• [Exercise brief]
Everything in the listing should be restated word for word.

Material provided section start

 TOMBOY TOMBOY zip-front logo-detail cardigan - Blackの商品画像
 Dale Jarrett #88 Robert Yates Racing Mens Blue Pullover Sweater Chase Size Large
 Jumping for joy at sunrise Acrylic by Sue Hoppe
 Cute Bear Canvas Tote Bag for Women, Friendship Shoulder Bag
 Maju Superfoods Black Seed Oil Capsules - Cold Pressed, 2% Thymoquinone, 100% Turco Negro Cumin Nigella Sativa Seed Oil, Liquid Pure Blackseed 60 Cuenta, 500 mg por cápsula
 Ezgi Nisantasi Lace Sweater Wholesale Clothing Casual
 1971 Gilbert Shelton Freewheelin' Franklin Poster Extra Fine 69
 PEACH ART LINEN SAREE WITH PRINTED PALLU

Material provided section end

• [Response to this exercise]
 TOMBOY TOMBOY zip-front logo-detail cardigan - Blackの商品画像
 Dale Jarrett #88 Robert Yates Racing Mens Blue Pullover Sweater Chase Size Large
 Jumping for joy at sunrise Acrylic by Sue Hoppe
 Cute Bear Canvas Tote Bag for Women, Friendship Shoulder Bag
 Maju Superfoods Black Seed Oil Capsules - Cold Pressed, 2% Thymoquinone, 100% Turco Negro Cumin Nigella Sativa Seed Oil, Liquid Pure Blackseed 60 Cuenta, 500 mg por cápsula
 Ezgi Nisantasi Lace Sweater Wholesale Clothing Casual
 1971 Gilbert Shelton Freewheelin' Franklin Poster Extra Fine 69
 PEACH ART LINEN SAREE WITH PRINTED PALLU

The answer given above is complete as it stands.